The backing tracks and sound effects work really well to enhance the sensations of both exploring a planetary surface and compounding the growing paranoia and fear when exploring the dark recesses of Shane’s hallucinations. If that’s what they even are. The jump-scare sound effects aren’t over the top but provide a stark and fittingly loud contrast to the sci-fi bubbliness of the ambient background noise.
Moons Of Madness hits about the right amount of time for a game such as this, in my opinion. It could’ve gone on longer, but I think with such a strong depiction of cosmic horror, any more levels could make Shane’s journey begin to feel like a chore. The story is written well enough to retain your interest although there are some confusing parts of the game that leave you more frustrated than anything else.
This isn’t the kind of game you can’t put down, but it is an atmospheric experience that you’ll enjoy if you’re in the mood for it. One thing I will say is that there’s little to no combat in Moons Of Madness, but wandering around solving puzzles and trying to survive is equally, if not more challenging than fighting off monsters in this game.

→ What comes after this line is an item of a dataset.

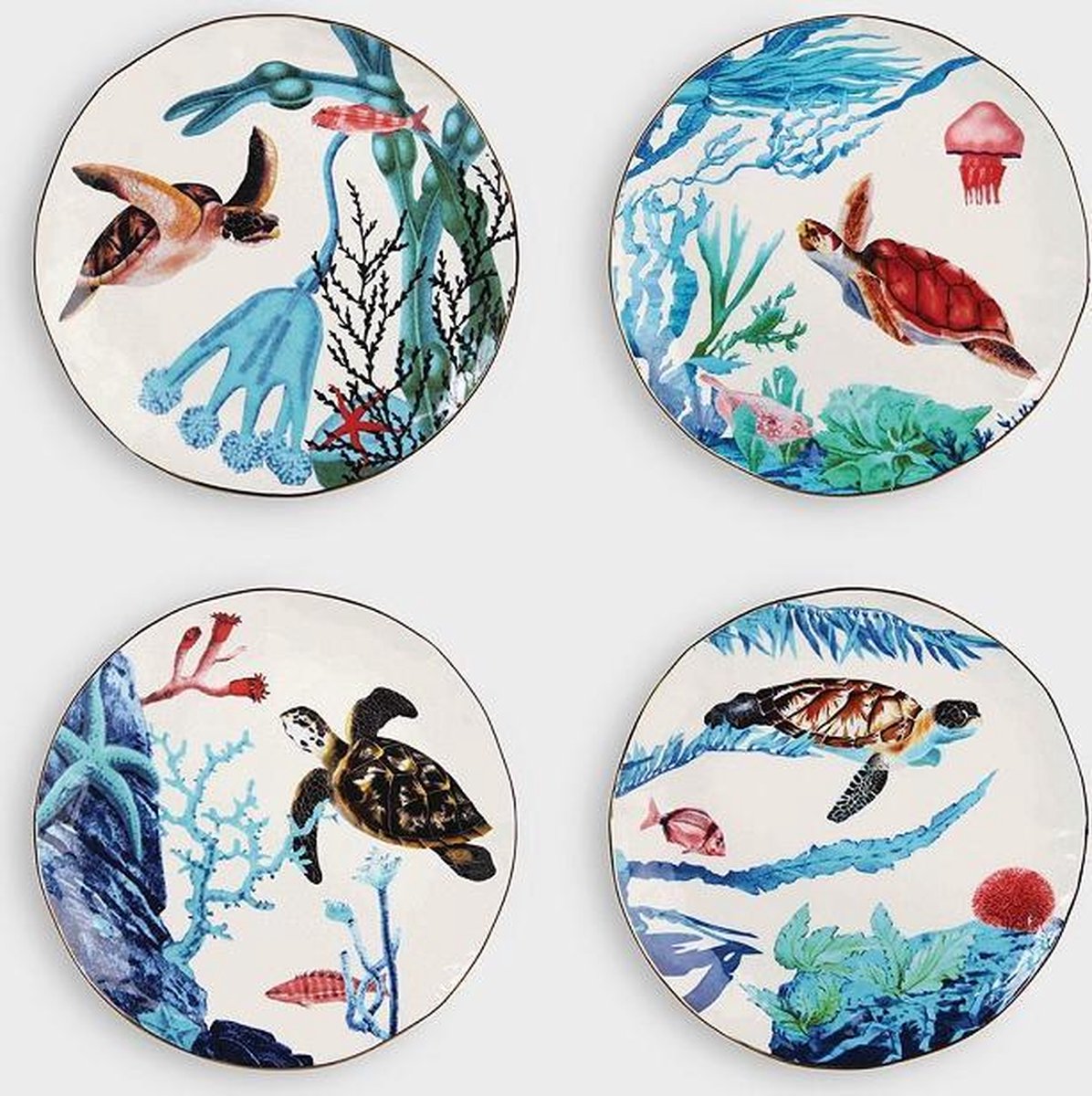 &Klevering Ocean plates - bord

I’ve never played a game like Moons Of Madness before, and to be honest, I’m still a little confused at the mix of tentacles and trauma, and whether or not it really works. On the whole though, I think it’ll be a hit with fans of the sci-fi horror genre. It’s well-designed, atmospherically intense and creepy in more well-rounded ways than I was expecting. Personally, it left me feeling a bit braver as a gamer as this is a genre I generally stay away from, but if I can outrun that horrible squid-beast, I can take on anything.
If puzzles, fear and psychodrama are your thing, then you’ll love this game. Moons Of Madness is a good, albeit quite frustrating game. However, I can’t help but be a bit impressed by a niche concept with enough narrative power to broach the barriers of those who tend to steer clear of horror games. For this reason, I’m giving Moons Of Madness a Thumb Culture a Silver Award.
Disclaimer: A code was received in order to write this review.